In his first major move since he was named Baltimore County schools superintendent last month, Dr. Anthony G. Marchione last night appointed the first African-American educator to the school system's No. 2 position.
As part of a reorganization of his inner circle, Dr. Marchione selected Elfreda W. Massie, 45, to be one of two deputy superintendents.
Dr. Massie, who will oversee the school district's buildings, budget and other noninstructional operations, now is associate superintendent for personnel in Montgomery County. That 121,000-student district is tied with Prince George's County as the state's largest school system.
"She is an outstanding educator and administrator," Dr. Marchione said after the school board approved the reorganization.

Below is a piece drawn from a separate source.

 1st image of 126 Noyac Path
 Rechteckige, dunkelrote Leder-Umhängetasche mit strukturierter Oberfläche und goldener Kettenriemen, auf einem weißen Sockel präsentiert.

For some black leaders, the move signifies an effort by Dr. Marchione to smooth conflicts with the county National Association for the Advancement of Colored People and other African-American organizations, who vehemently opposed his appointment.
"It sends a positive signal that there needs to be diversity in not only how we educate students but for those we hire to educate children," said board member Dunbar Brooks. "At that level you influence the climate of the school system and ultimately what happens in the classroom."
But if anyone hopes Dr. Massie's appointment will help Dr. Marchione's relationship with county NAACP official Bernetha George, signs are it won't work.
"Bringing on black faces does not resolve the problem," said Dr. George, vice president and education committee chairman of the county branch of the NAACP. "Black faces have always been in the Baltimore County school system, and the problem has thrived," she said, referring to the persistent achievement gap between black and white students.
The highest-ranking black administrator in recent years, Dr. Marchione said, was Walter G. Amprey, now Baltimore City's superintendent of schools. Dr. Amprey was Baltimore County's No. 3 official when he left for the city in 1991.
Dr. Massie, who will earn $98,000 and split the deputy superintendent's duties with Michael N. Riley, is coming home to Baltimore County.
She worked in the county school system from 1971 to 1991, most recently as director of personnel.
"It feels like home. It is my home, I was here 20 years," she said last night.
Dr. Riley, who will oversee administration and instruction, is being promoted from associate superintendent. However, he may not be in Baltimore County long; he is a candidate for superintendencies in other school districts.
Dr. Marchione said last night that he chose Dr. Massie solely because she qualifies as the best candidate.
Asked whether he hoped her appointment would help soothe race relations, he said: "I've always had a commitment to having a balanced superintendent staff."
The reorganization, which reduces Dr. Marchione's inner circle to 13 from 16 while splitting the deputy superintendent's job into two jobs, is meant to streamline authority, enhance accountability and match specific talents with responsibilities, Dr. Marchione said.
It is part of a broader reorganization that will eliminate 34 administrative positions that, along with other central office cuts, will save $2.9 million.
More changes will be announced next month.
This system offers more checks and balances, Dr. Marchione said, noting that Dr. Massie will be in charge of holding the instructional departments accountable for meeting their achievement goals.
Among other shifts announced last night:
Stephen C. Jones, Northeast area superintendent, will be promoted to associate superintendent of business, facilities and human resources, a new position.
Robert H. Chapman, now acting deputy superintendent who oversees the budget and other noninstructional operations, will become associate superintendent of educational support services.